For instance, this instance finds all PersistentVolumeClaims currently not used by any Pods.

Library

k8s-cleaner comes with a library that now includes Cleaner instances for detecting unused resources of various types, including ClusterRole, ConfigMap, Deployment, HorizontalPodAutoscaler, Ingress, Job, PersistentVolume, Pod, Role, Secret, ServiceAccount, and StatefulSet.

In addition to unused resource detection, the library also provides instances for identifying expired resources based on various criteria:

• Time to live (TTL): Detect resources that have exceeded their specified TTL.
• Expiration date: Identify resources with an explicit expiration date that has passed.
• Age: Locate resources that are older than the given time.

The k8s-cleaner library also extends its capabilities to detect unhealthy resources, with examples of such conditions including:

• Pods using outdated secrets: Identify pods that are mounting secrets but are referencing outdated content.
• Pods relying on expired certificates: Detect pods that are using certificates that have exceeded their validity period.
• Ingress instances exposing non-existent services: Find Ingress rules referring to nonexistent Services, indicating potential errors or disruptions.
• Deployment instances mounting non-existent ConfigMaps or Secrets: Identify Deployments that are attempting to mount ConfigMaps or Secrets that no longer exist.

Notifications

k8s-cleaner keeps you in the loop with handy notifications through Slack, Webex, Discord, or reports.

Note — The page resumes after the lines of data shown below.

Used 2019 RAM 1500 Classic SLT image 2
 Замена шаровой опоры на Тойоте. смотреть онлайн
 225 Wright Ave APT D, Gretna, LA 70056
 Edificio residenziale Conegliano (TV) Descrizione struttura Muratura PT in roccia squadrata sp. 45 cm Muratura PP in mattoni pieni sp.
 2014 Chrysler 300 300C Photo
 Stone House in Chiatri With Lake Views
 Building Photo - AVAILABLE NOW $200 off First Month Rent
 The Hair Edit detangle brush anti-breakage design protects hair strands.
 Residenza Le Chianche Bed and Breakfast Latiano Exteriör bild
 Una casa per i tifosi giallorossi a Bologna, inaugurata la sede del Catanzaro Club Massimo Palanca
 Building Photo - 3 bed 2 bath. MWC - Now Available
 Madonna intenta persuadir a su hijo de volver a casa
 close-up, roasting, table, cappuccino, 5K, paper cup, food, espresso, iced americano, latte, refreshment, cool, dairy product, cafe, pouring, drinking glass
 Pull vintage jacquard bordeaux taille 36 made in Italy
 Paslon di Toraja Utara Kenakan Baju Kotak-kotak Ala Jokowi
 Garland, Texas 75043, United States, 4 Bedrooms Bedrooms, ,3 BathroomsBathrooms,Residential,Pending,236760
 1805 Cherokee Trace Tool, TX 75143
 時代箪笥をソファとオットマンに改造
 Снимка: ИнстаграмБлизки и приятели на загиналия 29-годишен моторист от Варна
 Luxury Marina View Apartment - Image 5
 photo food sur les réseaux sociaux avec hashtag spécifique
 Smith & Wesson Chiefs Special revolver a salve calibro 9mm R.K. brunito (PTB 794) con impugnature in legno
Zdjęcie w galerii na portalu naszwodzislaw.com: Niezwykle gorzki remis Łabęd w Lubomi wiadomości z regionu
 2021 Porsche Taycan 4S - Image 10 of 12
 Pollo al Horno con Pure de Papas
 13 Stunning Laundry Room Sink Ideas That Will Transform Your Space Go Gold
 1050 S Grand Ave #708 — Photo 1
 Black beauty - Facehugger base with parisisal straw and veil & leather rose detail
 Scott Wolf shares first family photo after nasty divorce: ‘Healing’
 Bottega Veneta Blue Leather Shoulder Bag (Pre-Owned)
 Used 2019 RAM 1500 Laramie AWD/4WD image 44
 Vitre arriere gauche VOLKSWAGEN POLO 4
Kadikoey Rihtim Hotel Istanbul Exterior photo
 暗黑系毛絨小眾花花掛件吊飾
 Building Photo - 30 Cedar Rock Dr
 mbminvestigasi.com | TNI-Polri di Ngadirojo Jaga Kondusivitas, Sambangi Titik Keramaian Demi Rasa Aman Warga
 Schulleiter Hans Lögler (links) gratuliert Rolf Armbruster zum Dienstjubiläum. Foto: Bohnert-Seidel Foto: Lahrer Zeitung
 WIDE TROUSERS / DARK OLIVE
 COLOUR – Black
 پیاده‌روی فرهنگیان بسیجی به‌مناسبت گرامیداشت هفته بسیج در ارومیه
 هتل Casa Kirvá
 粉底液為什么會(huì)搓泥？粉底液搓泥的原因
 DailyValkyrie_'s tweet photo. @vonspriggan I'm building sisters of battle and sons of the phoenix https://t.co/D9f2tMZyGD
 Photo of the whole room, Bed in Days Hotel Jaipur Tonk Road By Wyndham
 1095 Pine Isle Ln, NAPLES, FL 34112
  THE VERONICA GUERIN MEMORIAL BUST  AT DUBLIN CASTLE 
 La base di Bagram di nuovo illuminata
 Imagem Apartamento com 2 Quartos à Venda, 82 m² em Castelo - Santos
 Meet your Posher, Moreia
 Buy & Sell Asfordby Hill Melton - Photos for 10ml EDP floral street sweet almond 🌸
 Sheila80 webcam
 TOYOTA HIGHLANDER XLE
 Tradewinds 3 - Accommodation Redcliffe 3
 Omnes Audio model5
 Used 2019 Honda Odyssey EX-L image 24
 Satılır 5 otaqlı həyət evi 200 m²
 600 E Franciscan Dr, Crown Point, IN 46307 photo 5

Choose what works best for you!

For instance, to send Slack notifications, create a Kubernetes Secret:

kubectl create secret generic slack --from-literal=SLACK_TOKEN=<YOUR TOKEN> --from-literal=SLACK_CHANNEL_ID=<YOUR CHANNEL ID> 

Set then the notifications field of a Cleaner instance.

apiVersion: apps.projectsveltos.io/v1alpha1
kind: Cleaner
metadata:
  name: cleaner-with-slack-notifications
spec:
  schedule: "0 * * * *"
  action: Delete # Delete matching resources
  resourcePolicySet:
    resourceSelectors:
    - namespace: test
      kind: Deployment
      group: "apps"
      version: v1
  notifications:
  - name: slack
    type: Slack
    notificationRef:
     apiVersion: v1
     kind: Secret
     name: slack
     namespace: default

Anytime this Cleaner instance is processed, a Slack message is sent containing all the resources identified by k8s-cleaner.

Conclusion

k8s-cleaner is a valuable tool for maintaining a clean and efficient Kubernetes cluster. It can help you reduce resource consumption, improve performance, and reduce the risk of errors. If you are managing a Kubernetes cluster, I encourage you to try out k8s-cleaner.